Three weeks ago, I experienced one of the most exhilarating days of my entire life. As mentioned in the postscript of the last article, I got married and not just to anyone. I married a man I've known since high school, who I've been friends with for ten years, and who has wanted to tie the knot for seven. There was laughter, there was weeping, and ecstasy like neither of us had ever imagined. I mention this not to initiate a blog post, but rather as an example for the topic at hand: emotion memory.
During the months of preparation before the big day, I was asked to prioritize what was most important to me amongst the planning elements. The flowers? The dress? For me, the answer was hands down an artistic photographer and a videographer who knew how to tell a story. Why splurge on these? Because I wanted the best chronicle I could possibly get of that day. Seeing how fast the merry event went by, I am ever thankful that I made this choice. Through the photographs and wedding film, I now have a means to reference the minute details and revisit a whole sea of emotion-rich moments from that day.
I can think of any other number of occasions where I've found a means to record my emotional state, sometimes without realizing I did so.

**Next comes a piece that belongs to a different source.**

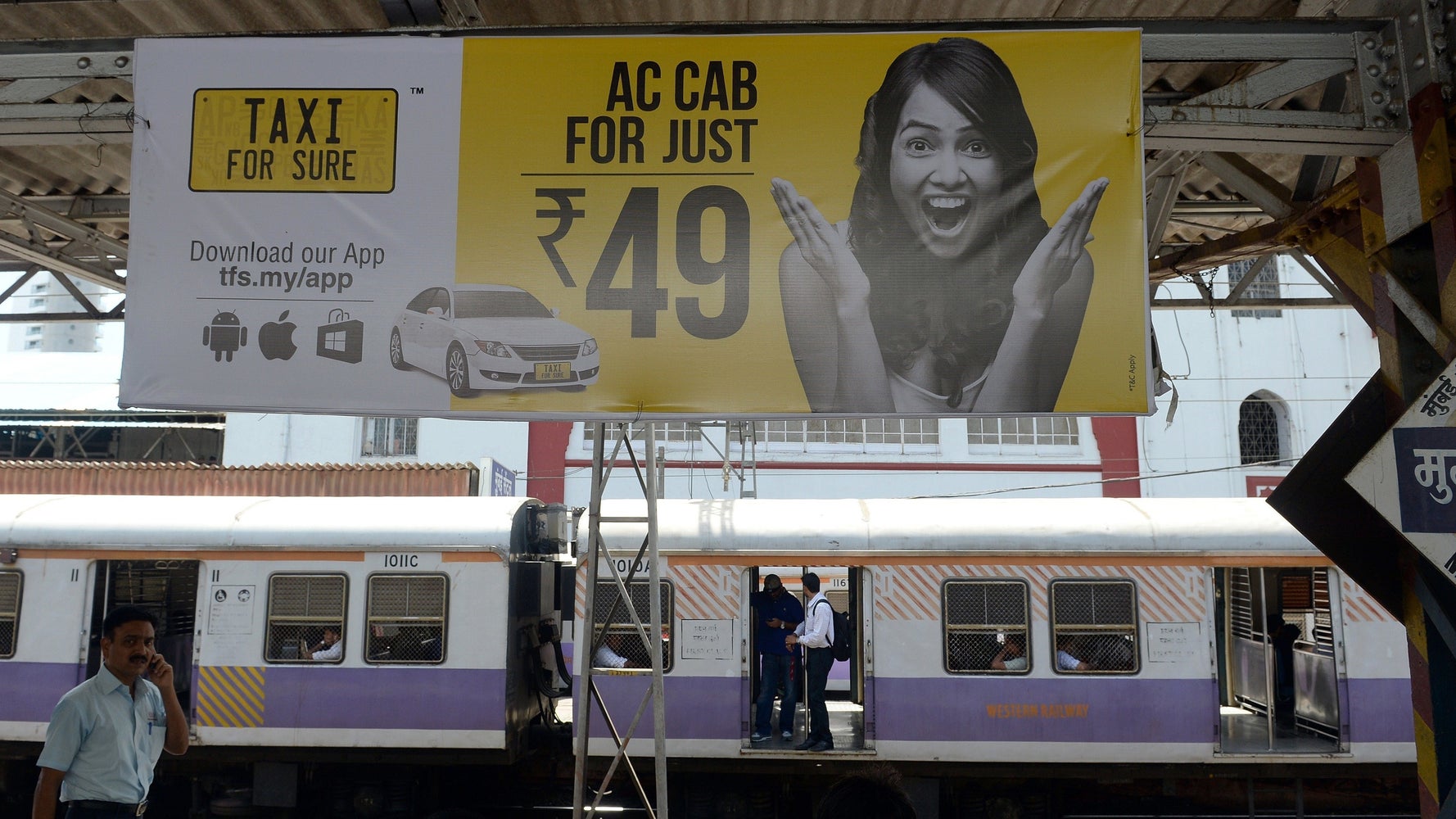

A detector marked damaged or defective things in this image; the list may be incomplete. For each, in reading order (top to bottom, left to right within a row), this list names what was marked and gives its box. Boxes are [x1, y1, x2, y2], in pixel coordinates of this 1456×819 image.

While sifting through notebooks and hard drives, I've found rants from times when I was so livid with rage, I had to express myself in writing to clear my head. I've found love songs and detailed accounts of the first week Dave and I started dating. I've found poetry where I'd let my soul bleed dry during a period of deep woe. Upon seeing the aforementioned wedding pictures, I suddenly had the epiphany that an emotional scrapbook of my highest highs and lowest lows existed in tangible form.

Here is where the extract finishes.